Vacuum pumps balancing stand
Vacuum pumps balancing stands were developed in 2002 and 2009.
The main requirement in developing these stands was to ensure high quality balancing of assembled pump high-speed turbine rotors (in their own bearings) at the operating speed, which can be 42,000 – 60,000 rpm for various types of pumps.
The actual value of the residual rotor imbalance had to meet the requirements for rotors of the 1st accuracy class in accordance with the GOST 22061-76.
The design of the stands under consideration is schematically presented in Fig. 1
As in the previous case, the stand is executed in the form of a rectangular platform 1 installed on 4 cylindrical springs 2.
It should be noted that the design and manufacture of the platform provided the longitudinal and transverse ribs, which contributed to the highest rigidity while minimizing the platform weight.
This resulted into high stand vulnerability to the imbalance forces with simultaneous eliminating danger of platform resonance oscillations (bending, torsional, etc.) in the whole rotation rate range of the pumps when balancing.
The platform has a fixed cylindrical base 3, onto which a balanced pump 4 is mounted.
The pump is closed with a special cover 5, with the phase angle sensor 6, which is part of the measuring system of the stand.
Besides, the measuring system includes two vibration sensors 7 and 8, installed on the base and the cover respectively.
All the sensors are connected to the corresponding inputs of the measuring and computing unit 9, which carry out vibration measurements and adjusting weights characteristics calculation.
Apart from the stand development, to achieve the required quality of vacuum pumps rotors balancing, a special technology was required, which included two main stages.
At the first stage, when the pump rotor rotation rate does not exceed 8,000 rpm with the rotor being rigid, the main components of its power and couple imbalance are compensated.
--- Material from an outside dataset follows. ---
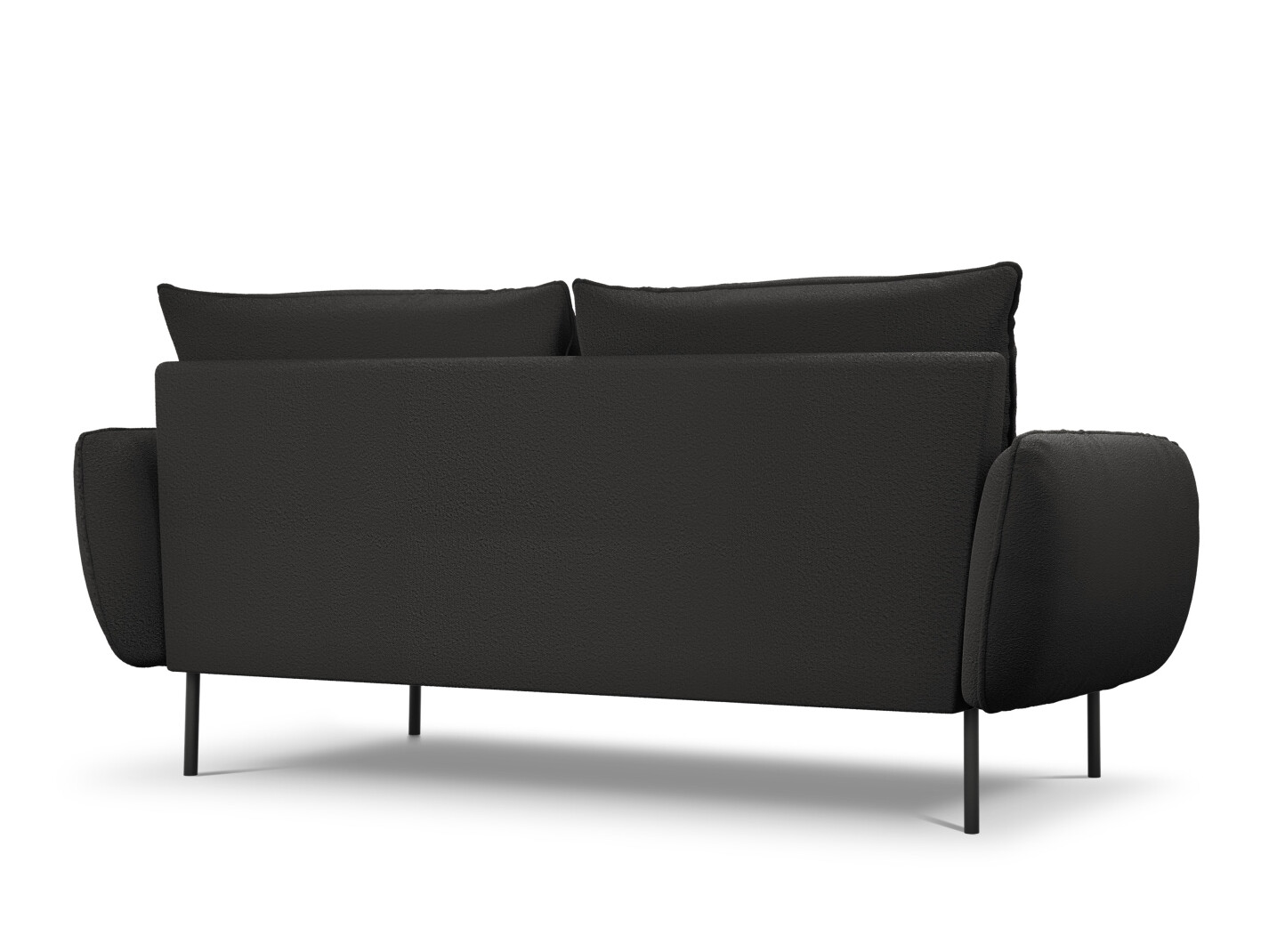Canapea Ferlevi 128 (Ascot Black)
At the same time, our devices help to reach the level of residual vibration of no more than 0.01 mm/s in the frequency range from 3,500 to 8,000 rpm.
After that, at the second stage, the rotor is balanced again at an operating frequency of 42,000 or 60,000 rpm, depending on the pump design.
At this rate, exceeding the critical rotation rate, the pump rotor becomes flexible and deformed.
As a result, the additional balancing is required to compensate for the imbalance occurred.
The level of rotor residual vibration, after additional balancing, does not exceed 0.3 mm/s at a rotation rate of 42,000 (60,000) rpm, which guarantees a long-term trouble-free vacuum pump operation.
The time for full balancing cycle of this unique device usually does not exceed 30 minutes.